═════ SUPPLIED ENTRIES ═════
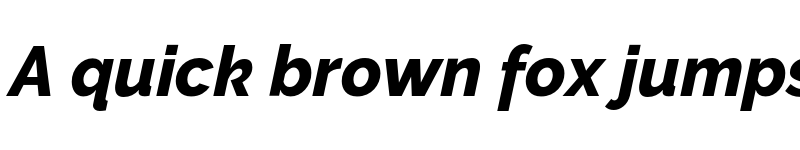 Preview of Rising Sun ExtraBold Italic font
═════
═════ SUPPLIED ENTRIES ═════
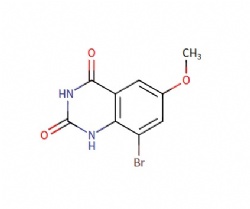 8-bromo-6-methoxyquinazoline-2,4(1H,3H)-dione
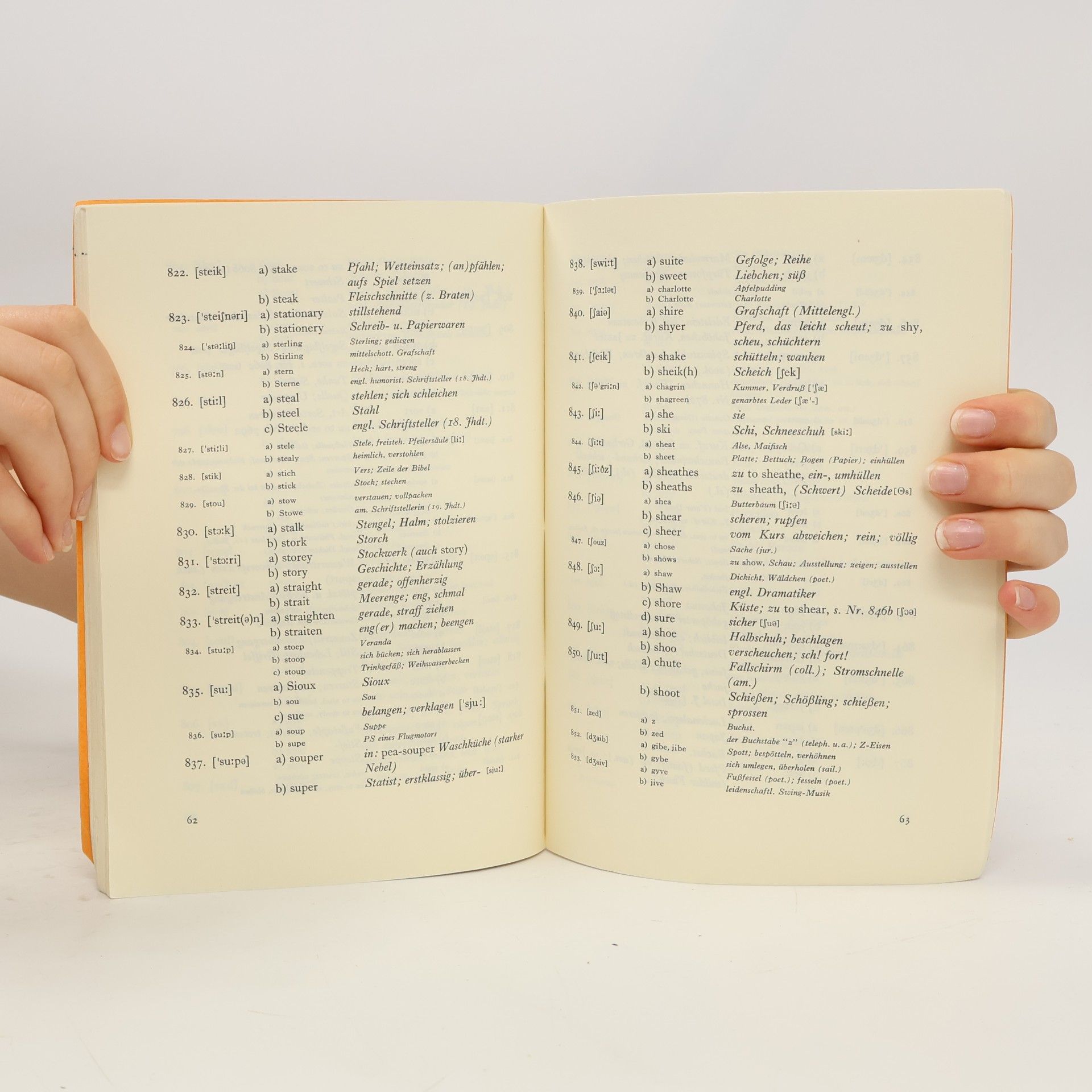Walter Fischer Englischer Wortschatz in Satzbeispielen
═════
**ABOUT THIS TASK:**
Give back the exact lines above, running from the one that has "8-bromo-6-methoxyquinazoline-2,4(1H,3H)-dione" through the one that has "Walter Fischer Englischer", with nothing added and no pictures.

**RESULT OF THIS TASK:**
 8-bromo-6-methoxyquinazoline-2,4(1H,3H)-dione
Walter Fischer Englischer Wortschatz in Satzbeispielen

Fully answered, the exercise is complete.